In 2018, she began a “climate strike,” by protesting in front of the Swedish Parliament instead of going to school, demanding that Sweden reduce its carbon emissions and agree to the Paris Climate Accord. In an interview with Democracy Now, Ms. Thunberg stated that she was inspired by students in the United States staging school walk-outs to demand gun control legislation in the wake of the school shooting in Parkland, Florida on Valentine’s Day of 2018. On the first day of her strike, Ms. Thunberg stood alone, but in the following days many others joined her. Her initial climate strike lasted from the 20th of August until the 9th of September of that year, the date of the Swedish general elections. After the elections, she only took Fridays off to protest, calling her movement “Fridays for Future.” A vast movement soon grew among students across the world who were inspired by Ms. Thunberg’s example, determined to make their concerns heard, as they knew that they would likely be alive to experience several of the increasingly worse effects of climate change.
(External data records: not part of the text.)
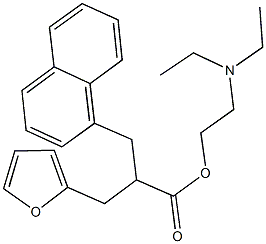 2-(diethylamino)ethyl 3-(2-furyl)-2-(1-naphthylmethyl)propanoate 化学構造式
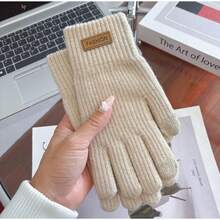 1 Pair Women's Thick Warm Touchscreen Knitted Knitted Gloves, Windproof Fingerless Gloves For Electric Scooter Riding, Fashion Letter Logo Gloves - A - View 10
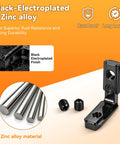 24 Piece Heavy Duty Inside L Shape Connector Kit For 2020 Aluminum Extrusion Frame Hardware Featuring Rock Solid Zinc Alloy Build No Nonsense DIY Assembly And Premium Black Finish, showing black electroplated connector.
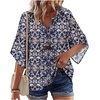 Zeagoo Womens Tops 3/4 Sleeve V Neck Bohemian Blouses Casual Tunic(Navy Floral Mz869)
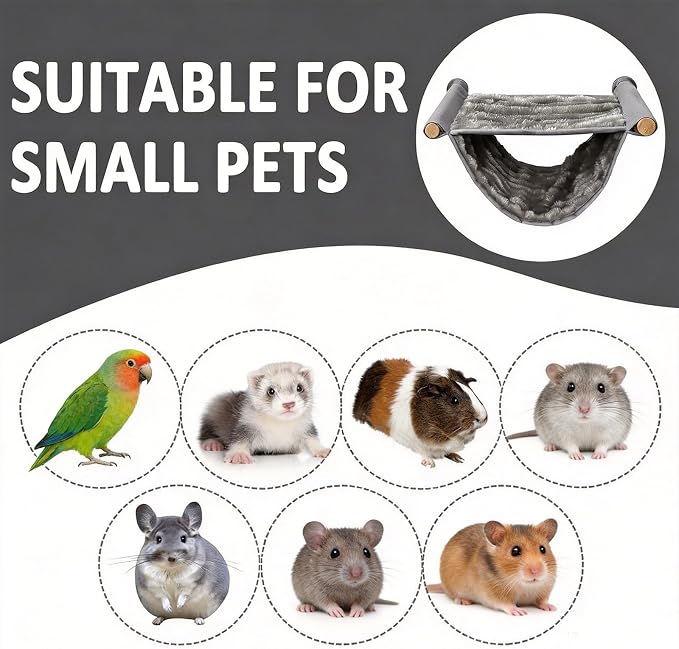 Warm Hamster Hammock House Mouse Rat Hanging Swing Bed Guinea Pig Cage Bedding Small Pet Animal Double Layer Cage Tent Hut Nest for Winter Mouse Rat Hamster Play Sleep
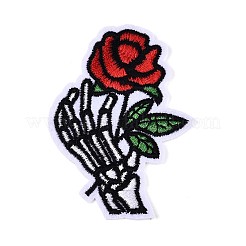 Skeleton Hand Holding Rose Appliques&nbsp;DIY-N007-01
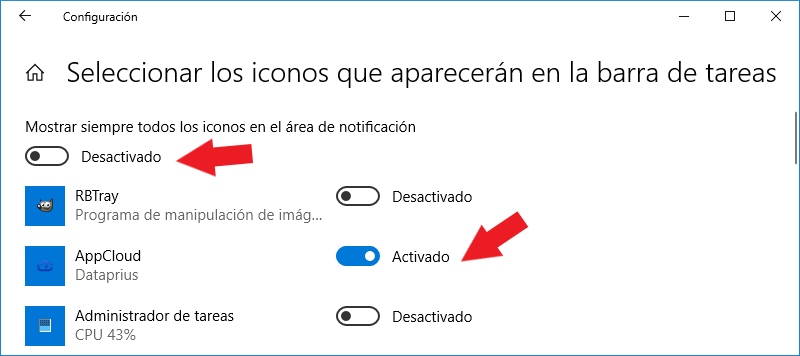 Seleccionar los iconos que aparecerán en la barra de tareas de Windows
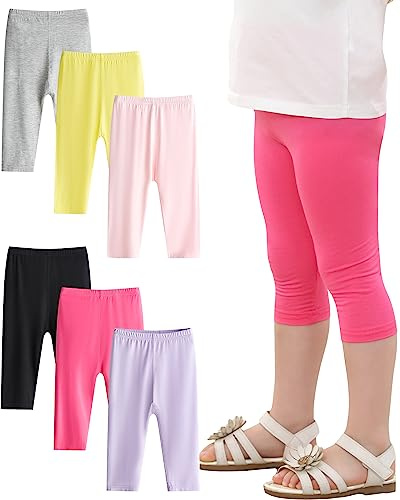 Adorel Capri Leggings 3/4 Pantaloni Estivi Bambina Confezione da 6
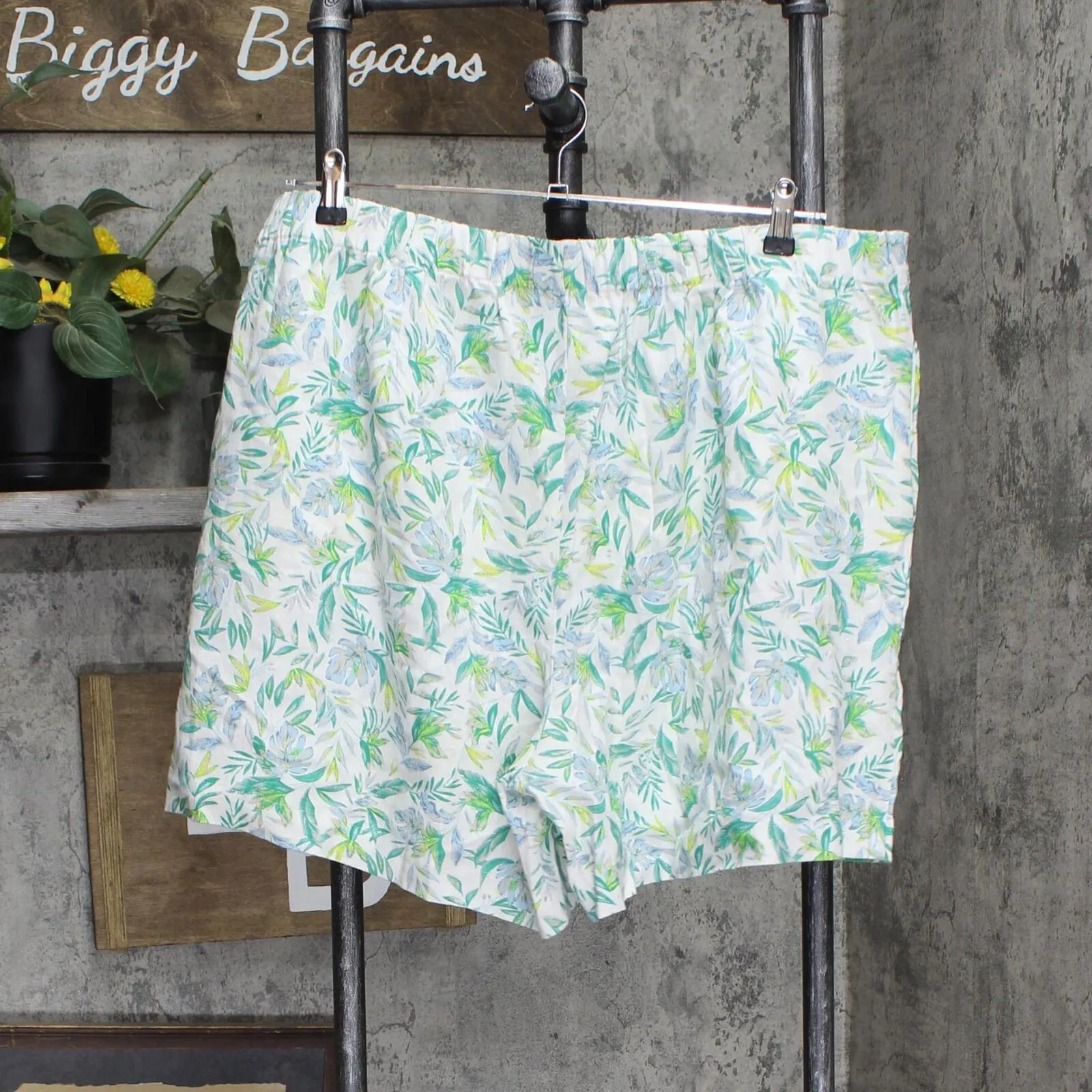 Ellen Tracy Womens Linen Blend Skort 1746253 Green Multi 2XL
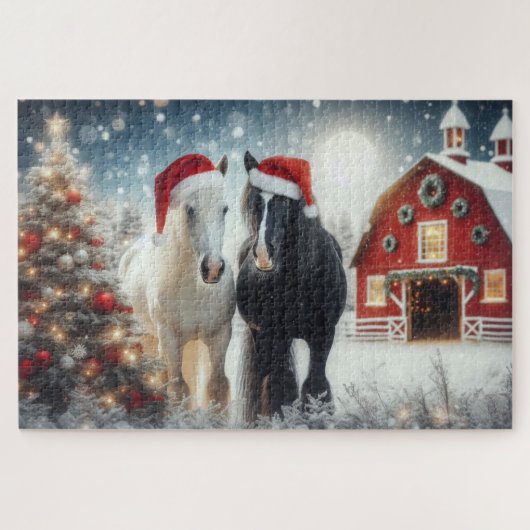 Kerstpaarden op het boerderij legpuzzel (Horizontaal)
The earth is warming at a rapid rate; the average global temperature has warmed by nearly two degrees Celsius above pre-industrial levels between 1880 and 2015, according to the Union of Concerned Scientists. This is primarily due to a thirty percent increase in the level of atmospheric carbon dioxide in the past 130 years, due in most part to the rapid pace of industrialization undergone by human civilization within that time period. Though the average global temperature has risen by only a few degrees, this has translated into a massive temperature increase in the planet’s Polar Regions, which has contributed to a massive loss of sea ice and mountain glaciers, which has in turn caused rising sea levels. Furthermore, as the oceans continue to warm, more and more powerful tropical cyclones are developing, which have caused massive damage to vulnerable coastal infrastructure. As weather patterns shift due to the rising temperatures, drought and desertification has been brought to some areas, while torrential rains have hit other regions. The goal of Ms. Thunberg’s movement has been to get governments to recognize these dangers, and move to limit carbon emissions before it becomes too late, which according to prominent climate scientists quoted in Live Science, is twelve years or less.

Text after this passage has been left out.